A few years ago, our data platform team aimed to pinpoint the primary concerns of our data users. We conducted a survey among individuals interacting with our data platform, and unsurprisingly, the main concern highlighted was data quality.
The initial response, characteristic of our engineering mindset, was to develop data quality tooling. We introduced an internal tool named Contessa. Despite being somewhat cumbersome and necessitating significant manual configuration, Contessa facilitated checks for standard dimensions of data quality, encompassing consistency, timeliness, validity, uniqueness, accuracy and completeness. After running the tool for a couple of months with hundreds of data quality checks we concluded that:
- Data quality checks occasionally assisted data users in discovering, in a shorter timeframe, that the data was compromised and could not be relied upon.
- Despite the frequent execution of data quality checks, there was no noticeable improvement in the subjective perception of data quality.
- For a significant portion of issues, particularly those identified through automated data quality checks such as consistency or validity, no corrective actions were ever taken.
Survey and objective measurement are useful tools, but nothing can replace a discussion over coffee and cake, as Jane Carruthers writes in her book, “The Chief Data Officer’s Playbook”. Indeed, I recommend this to anybody, as one-on-one conversations helped us discover another important angle of the situation.
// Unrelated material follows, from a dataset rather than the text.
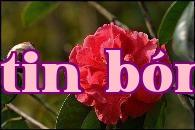 Dãy hoa trà quý danh tiếng Vân Nam (19) – Hoa trà Đại Quế Diệp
Some of these conversations unfolded as follows:
“Hey, you say, that data quality is poor, what do you mean by that?”
#1 Pricing business analyst: “We are working on setting up price for the ancillary product X. In the dataset we use, we are missing data on what was the actual revenue from the product X per each order. We have this dataset , but it contains only expected value of the revenue from X at time of the purchase. We can see also the actual revenue per product, but not at the order granularity.”